Boris Worm, a marine biologist at Dalhousie University in Nova Scotia, Canada,
and the lead author of the 2009 fisheries study, was less optimistic about the
current health of fisheries. "Even in the best places it's very mixed," he
said.
Humanity has solutions
Tony Haymet, director of the Scripps Institution of Oceanography at the
University of California, San Diego, describes the oceans, like the atmosphere,
as victims of "the tragedy of the commons: everybody owns them, and nobody owns
them."
"But on the positive side, there are three things that I think that at least we
have the prospect of addressing," he said. These include signs of international
movement to address overfishing, the creation of marine reserves, and the
prospect that the U.S. Senate might finally ratify the United Nations
Convention on the Law of the Sea, which establishes international rules
governing the use of the oceans.
Although there are hurdles, aquaculture also has the potential to become a
safe, sustainable source of protein, he said.
Others aren't so optimistic. Humans have the technology and the knowledge to
stop the ecological havoc we are wreaking, but we lack the wisdom to use it
responsibly, Caldiera told LiveScience in an e-mail.
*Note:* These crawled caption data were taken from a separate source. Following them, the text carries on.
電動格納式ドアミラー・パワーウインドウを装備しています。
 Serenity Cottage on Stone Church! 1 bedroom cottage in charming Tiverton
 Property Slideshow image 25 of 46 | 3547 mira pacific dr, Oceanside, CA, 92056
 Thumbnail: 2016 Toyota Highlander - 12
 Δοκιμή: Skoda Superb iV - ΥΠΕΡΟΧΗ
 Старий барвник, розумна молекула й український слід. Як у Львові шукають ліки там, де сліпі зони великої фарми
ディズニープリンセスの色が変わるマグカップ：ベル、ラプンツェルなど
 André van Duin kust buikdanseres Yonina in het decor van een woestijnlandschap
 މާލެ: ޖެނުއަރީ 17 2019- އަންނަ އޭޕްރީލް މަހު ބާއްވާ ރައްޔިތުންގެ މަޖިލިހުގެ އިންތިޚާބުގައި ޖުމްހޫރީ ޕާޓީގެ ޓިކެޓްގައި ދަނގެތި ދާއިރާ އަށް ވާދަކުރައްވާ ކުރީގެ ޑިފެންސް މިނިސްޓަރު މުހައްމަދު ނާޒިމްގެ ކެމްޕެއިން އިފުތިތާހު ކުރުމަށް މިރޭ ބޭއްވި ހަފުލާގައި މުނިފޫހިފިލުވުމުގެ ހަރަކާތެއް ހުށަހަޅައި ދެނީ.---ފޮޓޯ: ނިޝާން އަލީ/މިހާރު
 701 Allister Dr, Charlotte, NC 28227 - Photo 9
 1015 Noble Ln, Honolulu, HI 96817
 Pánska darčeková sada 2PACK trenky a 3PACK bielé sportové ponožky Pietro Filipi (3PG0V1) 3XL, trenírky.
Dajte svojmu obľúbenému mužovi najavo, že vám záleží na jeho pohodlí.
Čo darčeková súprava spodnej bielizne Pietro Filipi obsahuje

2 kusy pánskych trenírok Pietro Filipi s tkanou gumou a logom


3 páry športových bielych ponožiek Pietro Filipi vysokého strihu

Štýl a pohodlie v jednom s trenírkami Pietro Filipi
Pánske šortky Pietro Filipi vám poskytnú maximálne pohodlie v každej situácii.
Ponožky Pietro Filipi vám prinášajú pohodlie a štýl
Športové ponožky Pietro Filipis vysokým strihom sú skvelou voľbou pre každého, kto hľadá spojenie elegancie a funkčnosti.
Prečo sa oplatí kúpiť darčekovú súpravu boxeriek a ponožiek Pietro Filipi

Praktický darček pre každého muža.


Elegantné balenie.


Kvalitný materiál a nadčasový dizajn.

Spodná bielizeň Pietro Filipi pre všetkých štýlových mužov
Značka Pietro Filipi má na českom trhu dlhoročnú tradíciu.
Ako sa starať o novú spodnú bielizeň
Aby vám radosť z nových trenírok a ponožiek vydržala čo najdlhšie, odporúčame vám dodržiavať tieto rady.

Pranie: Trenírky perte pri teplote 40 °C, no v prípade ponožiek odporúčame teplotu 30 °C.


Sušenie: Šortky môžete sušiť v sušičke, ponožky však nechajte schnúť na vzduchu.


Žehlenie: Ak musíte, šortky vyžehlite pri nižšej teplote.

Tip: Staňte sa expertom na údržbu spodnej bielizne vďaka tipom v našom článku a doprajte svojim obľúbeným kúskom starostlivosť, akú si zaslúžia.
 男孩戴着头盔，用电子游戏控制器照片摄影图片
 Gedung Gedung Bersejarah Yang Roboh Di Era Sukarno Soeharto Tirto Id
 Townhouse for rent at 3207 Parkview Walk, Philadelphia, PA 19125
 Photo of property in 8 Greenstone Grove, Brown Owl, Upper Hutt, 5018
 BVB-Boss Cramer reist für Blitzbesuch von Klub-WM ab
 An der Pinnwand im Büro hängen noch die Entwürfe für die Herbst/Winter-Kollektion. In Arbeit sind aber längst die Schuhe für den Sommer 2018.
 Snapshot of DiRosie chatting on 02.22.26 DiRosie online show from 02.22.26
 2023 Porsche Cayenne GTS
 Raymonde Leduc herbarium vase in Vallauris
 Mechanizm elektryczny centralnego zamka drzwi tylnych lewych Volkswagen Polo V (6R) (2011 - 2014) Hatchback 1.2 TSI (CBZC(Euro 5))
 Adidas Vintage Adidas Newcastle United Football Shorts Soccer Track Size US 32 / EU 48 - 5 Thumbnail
"If current trends continue, the extinctions of the coming decades will be
clearly visible to future geologists comparable in scale to the great
extinction events in Earth's history," he wrote. "I think it will be an
enigmatic extinction. Future geologists will try to figure out why we
apparently tried to kill off so many species, but they will find it hard to
believe that simple reason is stupidity."